Investigating Dual Modulatory Role of Mallotoxin on KCNQ1–KCNE Complexes Using Molecular Modeling

Abstract

The voltage-gated potassium ion channel KCNQ1 has physiological importance in modulation of electrical excitability in cardiac and epithelial cells. Its activity is modulated by certain proteins or small molecules and its dysfunction may result in arrhythmia, increasing risk of sudden death. Recent research has revealed that Mallotoxin (MTX), a bioactive compound derived from the plant Mallotus philippensis enhances the current generated by the KCNQ1–KCNE1 complex while exerting a modest inhibitory effect on the KCNQ1–KCNE3 channel. The molecular mechanisms underlying these contrasting effects remain unclear, given the structural similarities between the KCNE1 and KCNE3 subunits in their transmembrane regions. Therefore, we employed homology modeling to reconstruct a structural model of the KCNQ1–KCNE1 complex based on the cryo-EM structure of the KCNQ1–KCNE3 complex. Computational analyses of the electrostatic potential landscapes revealed significant differences between these complexes, with the KCNQ1–KCNE3 complex exhibiting a unique region of positive electrostatic potential located centrally within the channel, a feature absent in the KCNQ1–KCNE1 complex.
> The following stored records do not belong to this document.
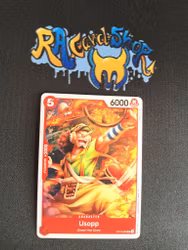 Usopp Uncommon OP11-003 A Fist of Divine Speed One Piece Card Game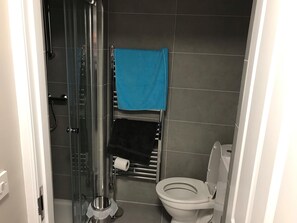 newly renovated bathroom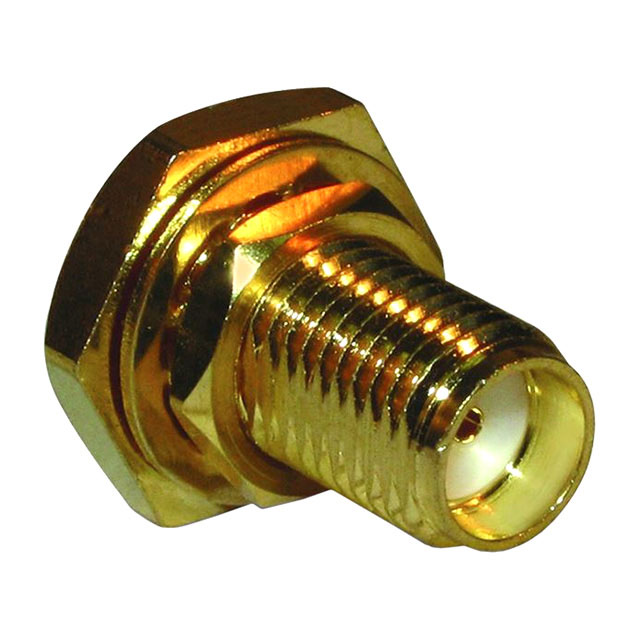 CONN SMA RCPT STR 50 OHM SOLDER【132138】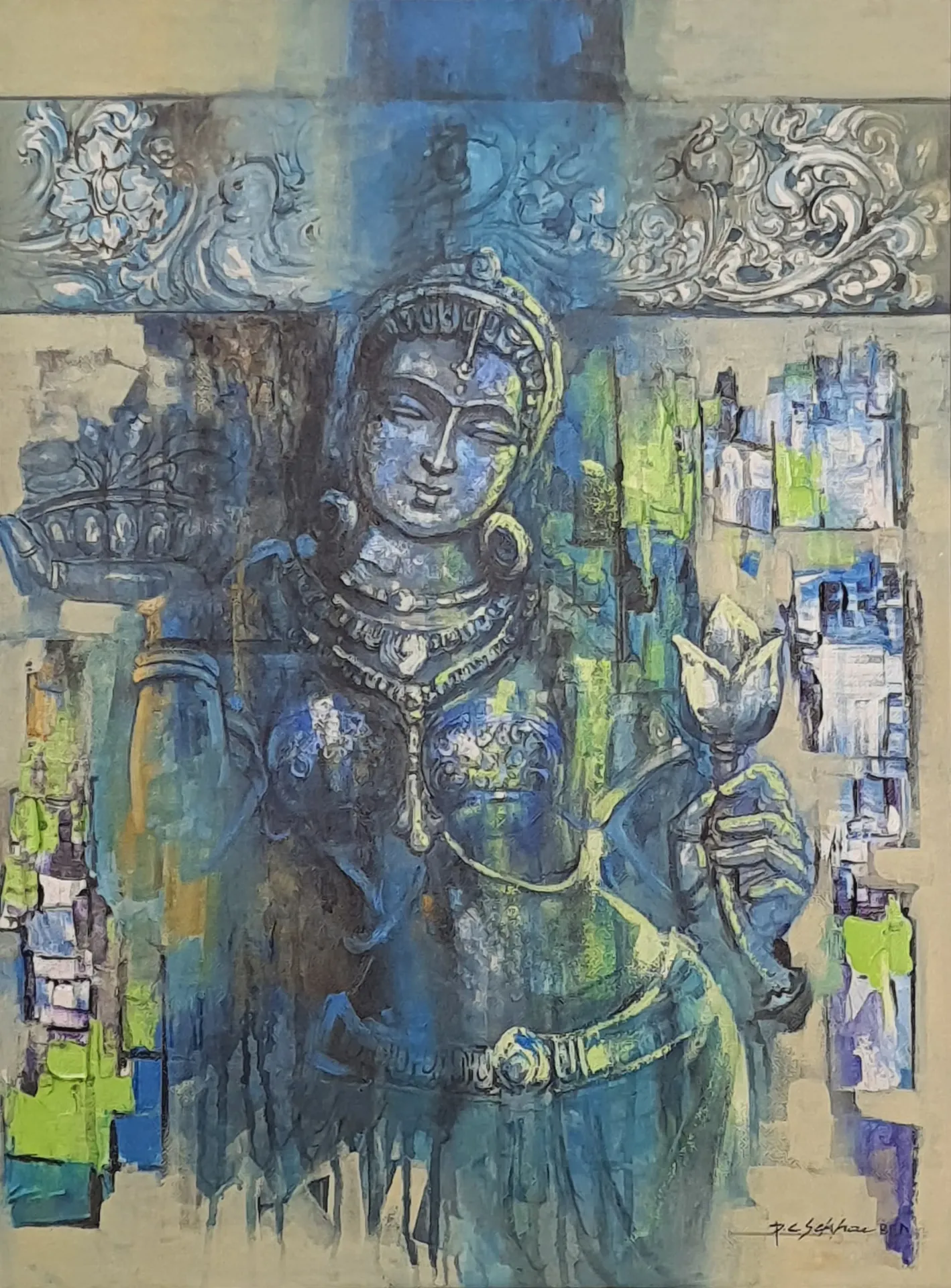 Untitled by P.C. Sekhar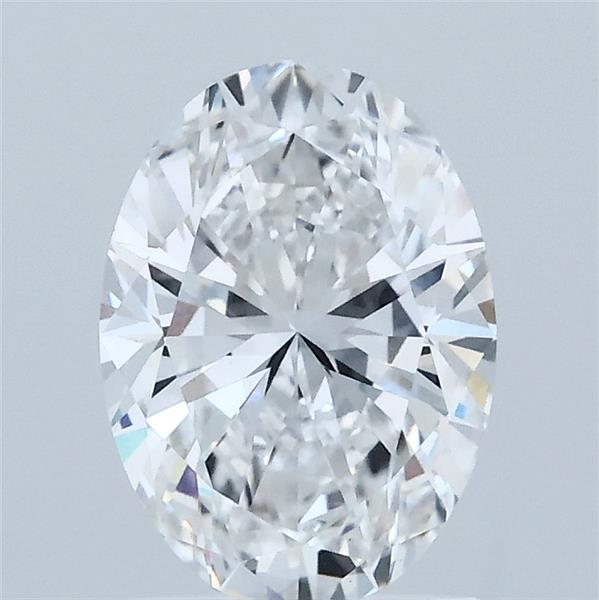 1.5ct Oval E VS1 Lab Created Diamond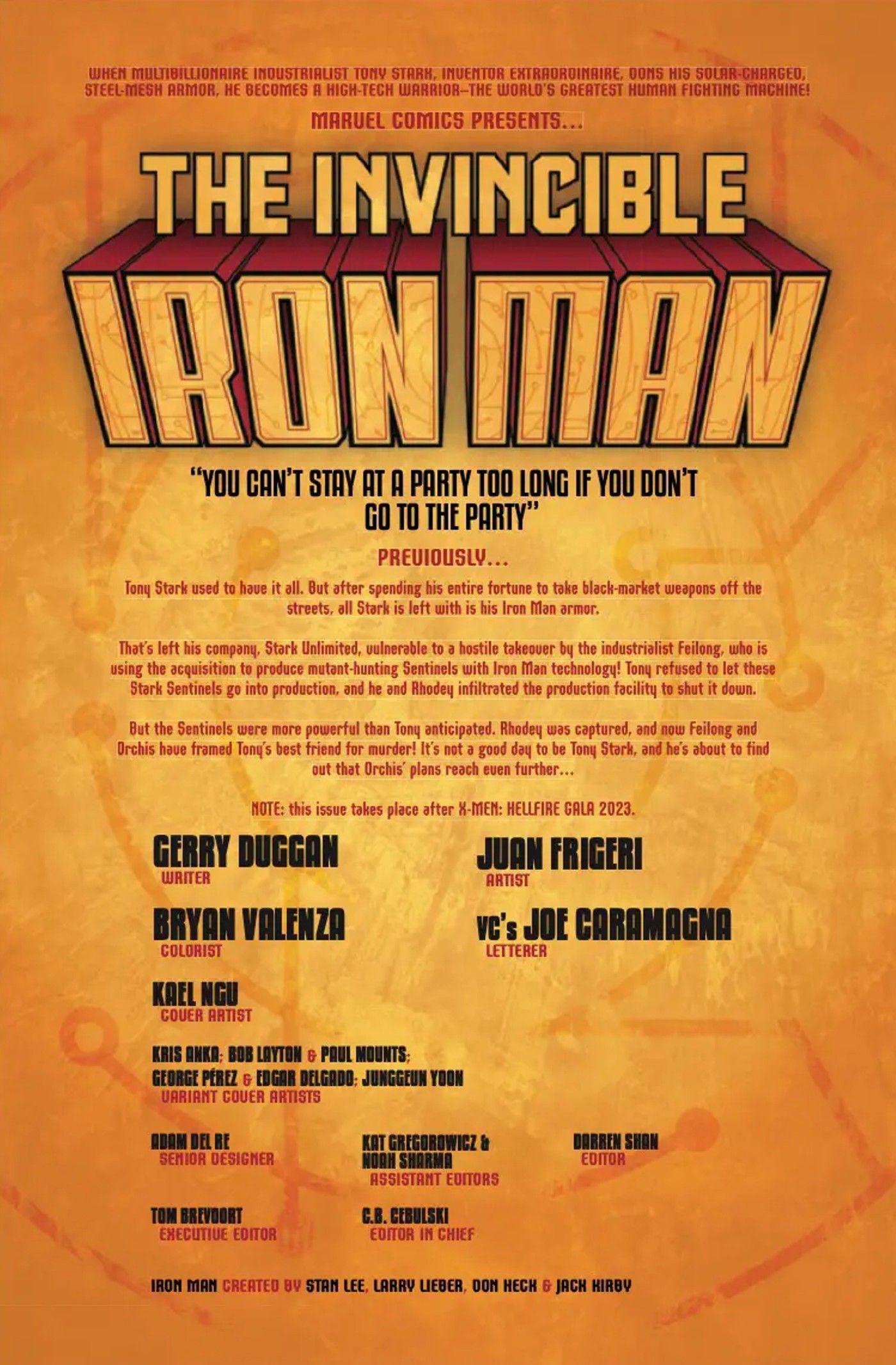 the invincible iron man 8 credits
Considering that MTX displays negative charge at physiological pH, we propose that MTX preferentially interacts with this positively charged domain in the KCNQ1–KCNE3 channel, leading to ion flow inhibition, which was supported by further molecular docking observation. Moreover, molecular docking studies suggest that MTX augments the activity of the KCNQ1–KCNE1 complex by stabilizing its open-state structure. These findings clarify the dual modulatory role of MTX in the KCNQ1–KCNE complex and advance therapeutic design for ion channelopathies.